IL2 is a secreted cytokine that is important for the proliferation of T and B lymphocytes. The receptor of this cytokine is a heterotrimeric protein complex whose gamma chain is also shared by interleukin 4 (IL4) and interleukin 7 (IL7). The expression of this gene in mature thymocytes is monoallelic, which represents an unusual regulatory mode for controlling the precise expression of a single gene. The targeted disruption of a similar gene in mice leads to ulcerative colitis-like disease, which suggests an essential role of this gene in the immune response to antigenic stimuli.
Interleukin-2 human recombinant produced in E. coli is a single, non-glycosylated mutein (variant form) of human IL-2 polypeptide chain containing 134 amino acids and having a molecular mass of 15517 Dalton. The IL-2 is purified by proprietary chromatographic techniques. Purity is greater than 98.0% as determined by RP-HPLC and SDS-PAGE. The ED50 as determined by the dose-dependent stimulation of murine CTLL-2 cells is < 0.0645 ng/ml, corresponding to a specific activity of 16.9 MIU/mg.

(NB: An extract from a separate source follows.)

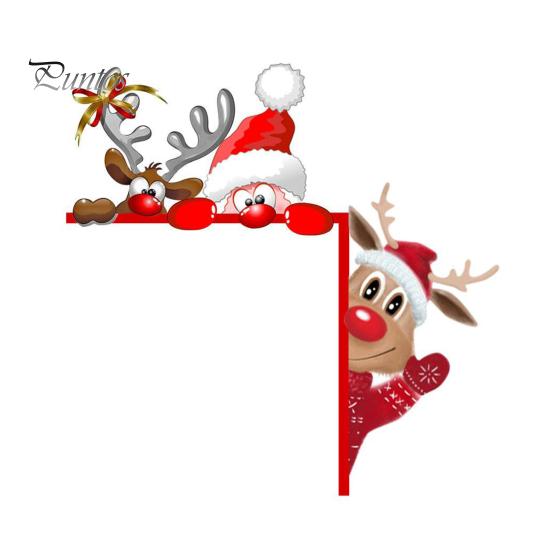 Christmas Door Corner Decoration Rustic Wooden Santa Claus Elk Gnome Elf Left Right Door Frame Sign Front Door Edge Topper Sitter Holiday Ornament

Protein quantitation was carried out by two independent methods: UV spectroscopy at 280 nm using the absorbency value of 0.614 as the extinction coefficient for a 0.1% (1 mg/ml) solution; and analysis by RP-HPLC using a calibrated solution of IL-2 as a reference standard. The protein (1.1 mg/ml) was lyophilized after extensive dialysis against 0.17 mg sodium monobasic and 0.89 mg dibasic sodium phosphate buffer to a pH=7.5.
The sequence of the first five N-terminal amino acids was determined and was found to be Met-Ala-Pro-Thr-Ser. Our Interleukin-2 has an Ser substitute for Cysteine at position 126.